● What you have to do:
All that should be output is the block of lines below from the line with "Photo - 2 Bedroom, 1 Bath furnished Cottage" to the line with "Pagină de agendă", both included, exactly as written.

● Data in this exercise:
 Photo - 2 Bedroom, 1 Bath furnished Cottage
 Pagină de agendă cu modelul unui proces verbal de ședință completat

--

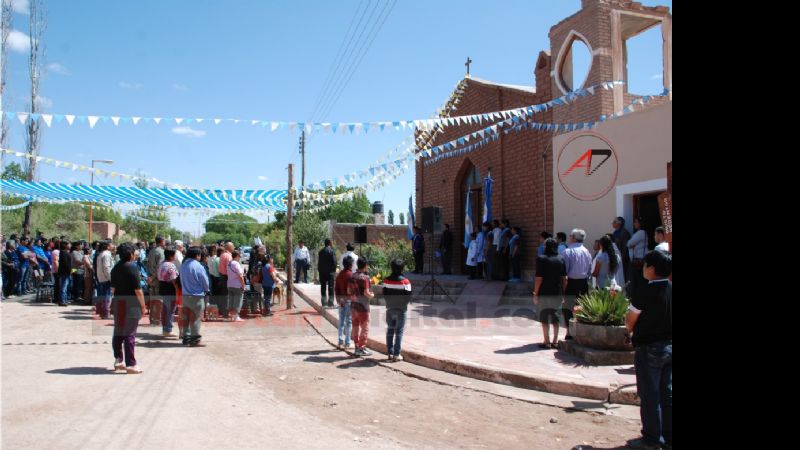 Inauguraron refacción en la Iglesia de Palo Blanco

==

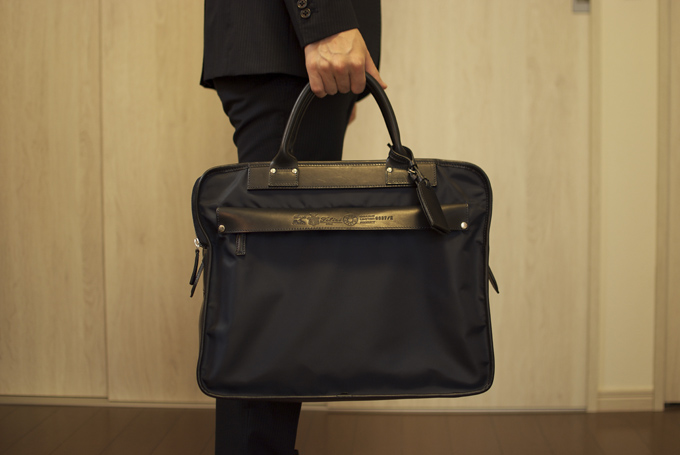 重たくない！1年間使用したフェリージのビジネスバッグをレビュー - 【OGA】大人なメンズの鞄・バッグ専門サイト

● Task result:
 Photo - 2 Bedroom, 1 Bath furnished Cottage
 Pagină de agendă cu modelul unui proces verbal de ședință completat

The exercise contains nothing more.